# Command Barges - Best Loadout?



## The Sturk (Feb 3, 2012)

Now that the rider and the chariot are now one entity, which would likely be the best loadout for a Command Barge?

With the buffs to chariots, I'm half tempted to max-out on the Chariot, including Res-Orb (since the chariot and Overlord reconstruct together), Phase-Shifters, Sept. Weaves and the standard Warscythe and Mindshackle, but this becomes extremely expensive.

So I'm curious, what would you all say is an ideal loadout?


----------



## Xabre (Dec 20, 2006)

Can I just sob about mourning Anrakyr on the barge? I bought one specifically for him. 

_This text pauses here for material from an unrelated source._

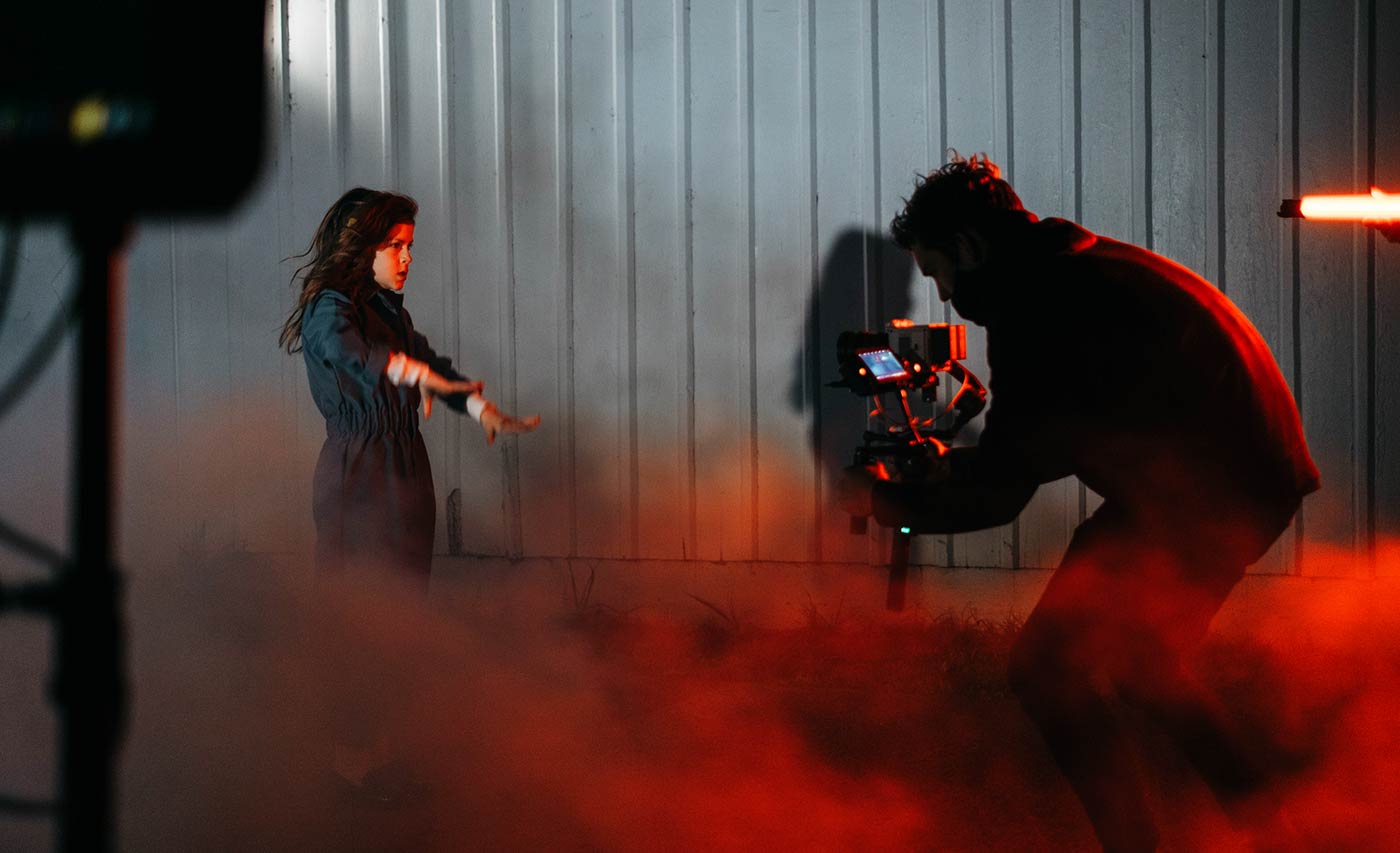 Mann filmt Frau im rotem Rauch für's Tablet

To specifically answer the question, I'd go full kit to make it worth it... but never, EVER leave home without the warscythe.


----------



## MidnightSun (Feb 10, 2009)

I'd roll with Phase Shifter, Mindshackle Scarabs and Warscythe and probably leave it at that - the Orb is nice, but a little too expensive for +1 to reanimate on one model (awesome though Reanimating a Barge is). I'd leave out Sempiternal Weave - the way I see it, you tank the Autocannons and Missile Launchers on the AV13, and then if someone points a Meltagun at you then you put it on the Overlord so you can't die in one shot. If you're strapped for points, though, Jinking gives the Overlord a 4+ against Meltas or Haywire (Stormteks are really sad when they shoot you and it hits a T5 3+ dude instead of a vehicle), so the Phase Shifter isn't _entirely_ necessary. Jinking has essentially no downside though. Mindshackle is mandatory since it's so stupidly good, especially in challenges. Warscythe is the only good weapon a Necron character can take, so that's a mandatory option.


----------



## falcoso (Apr 7, 2012)

Warscythe always, and yeah Phase Shifter as you just take any other wounds on the Barge itself. Mindshackle should be on every lord IMO as they are just brilliant especially when you kill 4(?) GK from mindshackling the one with a deamonhammer (wink wink Midnight  ). But its true they basically win your challenges. If you really have points get a tachyon arrow as its probably the only time it may be of use as you aren't wasting the entire attached unit's shooting too on the vehicle, but that is if you have enough of everything else which is rare.

As for the barge itself I would take the gauss cannon on the bottom as AP3 is always nice and you will actually be firing at full BS unlike on the Annihilation barge where the full BS would be on the destructor


----------